The framework cannot distinguish the second case from a legitimate call. Discipline yourself: every async branch the step touches must be awaited before the callback returns. Pair this with an ESLint rule like @typescript-eslint/no-floating-promises if you want a static guarantee.
attach / log only work inside a step callback. Calling them at module top level, in beforeAll, in plugin code that runs outside a step, or in any of the lifecycle hooks (beforeStartServer, afterStartServer, beforeEachScenario, afterEachScenario, beforeEachFeature, afterEachFeature, beforeStopServer) throws:
```
Error: attach() must be called inside a step or hook callback
```
Hook support is on the roadmap (the typical "DB snapshot on afterEachScenario failure" use case), but is not in v3 — capture diagnostics inside a step's callback for now.

Error messages you might see

| Message | Cause | | -------------------------------------------------------------------------------------- | ------------------------------------------------------------------------------ | | attach() must be called inside a step or hook callback | Called from module scope, hook, or after the runner is done | | attach() called after step "<id>" finished — likely a fire-and-forget promise. | An async branch leaked past the step boundary; await it inside the callback | | log() ... (mirror of the above) | Same root cause as attach() |

Output shape

artifact.json gains two optional fields per step:

interface ArtifactStep {
  // ...existing keyword/name/status/durationMs/error...
  attachments?: ArtifactAttachment[];
  logs?: ArtifactLog[];
}

interface ArtifactAttachment {
  name: string;
  type: "text" | "markdown" | "json" | "image" | "file";
  mimeType?: string;
  bytes: number;
  timestamp: string;          // ISO 8601 — set when `attach()` is called
  inline?: string | unknown;  // present when small & non-binary
  path?: string;              // present when spilled to disk (relative to outputDir)
}

interface ArtifactLog {
  label: string;
  value: unknown;
  timestamp: string;          // ISO 8601 — set when `log()` is called
}

Both ArtifactAttachment and ArtifactLog carry an ISO timestamp set at the moment the helper is called, so a viewer can interleave them in chronological order (useful when a step emits a mix of diagnostics across an async flow).

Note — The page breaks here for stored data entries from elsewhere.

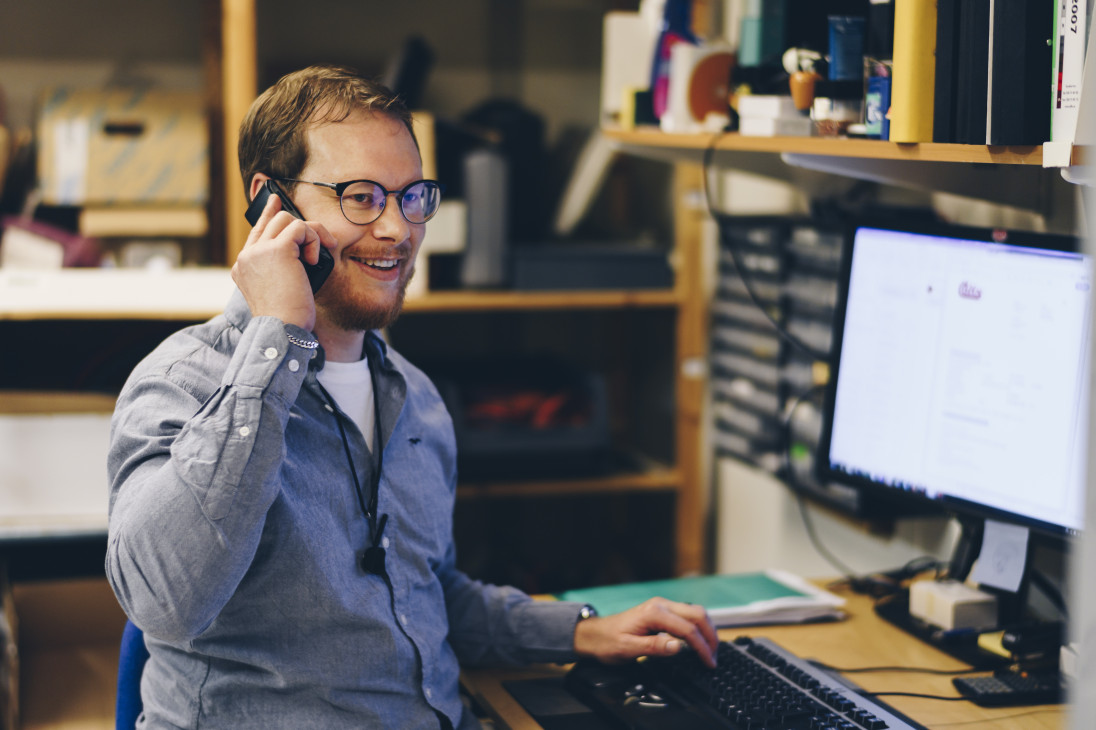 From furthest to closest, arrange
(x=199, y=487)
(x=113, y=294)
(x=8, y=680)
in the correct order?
(x=113, y=294)
(x=8, y=680)
(x=199, y=487)

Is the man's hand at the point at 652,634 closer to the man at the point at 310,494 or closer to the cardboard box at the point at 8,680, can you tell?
the man at the point at 310,494

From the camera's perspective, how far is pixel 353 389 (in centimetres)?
130

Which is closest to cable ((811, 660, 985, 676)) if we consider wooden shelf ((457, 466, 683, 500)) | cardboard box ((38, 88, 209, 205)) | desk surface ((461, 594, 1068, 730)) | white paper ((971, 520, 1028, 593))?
desk surface ((461, 594, 1068, 730))

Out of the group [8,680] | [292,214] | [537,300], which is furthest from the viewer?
[537,300]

The console reporter shows a compact [N attachments, M logs] suffix on each step that emits anything; richer rendering is left to custom reporters reading artifact.json.

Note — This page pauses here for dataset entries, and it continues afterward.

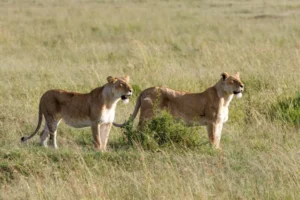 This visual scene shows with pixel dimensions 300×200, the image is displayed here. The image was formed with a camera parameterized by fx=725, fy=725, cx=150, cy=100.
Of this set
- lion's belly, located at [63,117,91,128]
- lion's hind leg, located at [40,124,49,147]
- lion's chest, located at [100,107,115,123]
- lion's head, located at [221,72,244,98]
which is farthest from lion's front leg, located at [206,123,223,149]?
lion's hind leg, located at [40,124,49,147]

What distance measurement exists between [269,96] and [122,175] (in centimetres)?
403

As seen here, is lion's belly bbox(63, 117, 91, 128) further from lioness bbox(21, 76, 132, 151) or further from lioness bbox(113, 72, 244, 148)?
lioness bbox(113, 72, 244, 148)

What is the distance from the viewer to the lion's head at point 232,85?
763cm

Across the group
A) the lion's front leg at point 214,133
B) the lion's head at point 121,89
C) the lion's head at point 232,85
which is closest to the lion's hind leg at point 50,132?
the lion's head at point 121,89

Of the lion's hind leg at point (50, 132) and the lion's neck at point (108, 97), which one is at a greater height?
the lion's neck at point (108, 97)

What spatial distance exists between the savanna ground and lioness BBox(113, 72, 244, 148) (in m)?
0.16

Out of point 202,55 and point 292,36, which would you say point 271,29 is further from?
point 202,55

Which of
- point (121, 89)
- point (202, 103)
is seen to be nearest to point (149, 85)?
→ point (202, 103)

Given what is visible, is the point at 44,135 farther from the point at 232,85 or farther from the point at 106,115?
the point at 232,85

Running subprocesses from hooks

Hooks frequently shell out — prisma migrate deploy, redis-cli flushall, docker exec, custom scripts. Orquestra hooks run in the main Node process (or in a worker, depending on scope), not under pnpm/npm. That has one consequence developers stumble into:

node_modules/.bin/ is NOT in process.env.PATH when a hook calls child_process.execSync / spawn.

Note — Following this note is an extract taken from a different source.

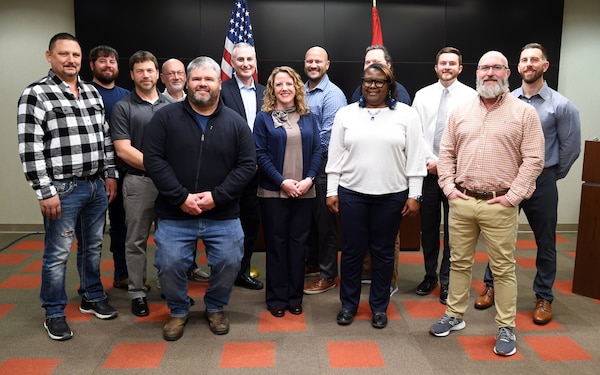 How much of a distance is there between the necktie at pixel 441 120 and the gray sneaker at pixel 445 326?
113 cm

The hook itself can resolve a binary by absolute path. But if that binary transitively spawns another tool by name — and that tool only lives in node_modules/.bin/ — the inner spawn fails with ENOENT. Classic example: prisma db seed resolves fine, but it then spawn("ts-node", ...) which is not in PATH.

Three patterns that work:

Absolute paths or pnpm-prefixed commands:

execSync("./node_modules/.bin/prisma migrate deploy", { ... });

Patch the PATH for the subprocess:

import path from "node:path";

const env = {
  ...process.env,
  PATH: `${path.resolve("node_modules/.bin")}${path.delimiter}${process.env.PATH}`,
};
execSync("prisma db seed", { env });

Skip the subprocess entirely when you control both ends. Orquestra already loads TypeScript via jiti — importing your seed/setup code directly is faster, debuggable, and dependency-free:
```
import { runSeeds } from "src/infra/database/prisma/seeds";

afterProvision: async (ctx) => {
  await runSeeds({ databaseUrl: templateUrl });
}
```

Pattern 3 is the most enterprise-grade: zero PATH magic, zero extra processes, and a step in your seed becomes a stoppable breakpoint inside the same --debug session as the rest of the suite.

Library mode

You can use WorkerOrquestra directly without the runner — useful for embedding inside other harnesses. The runner is the canonical entry point; library mode is a power-user escape hatch and is not covered here in detail.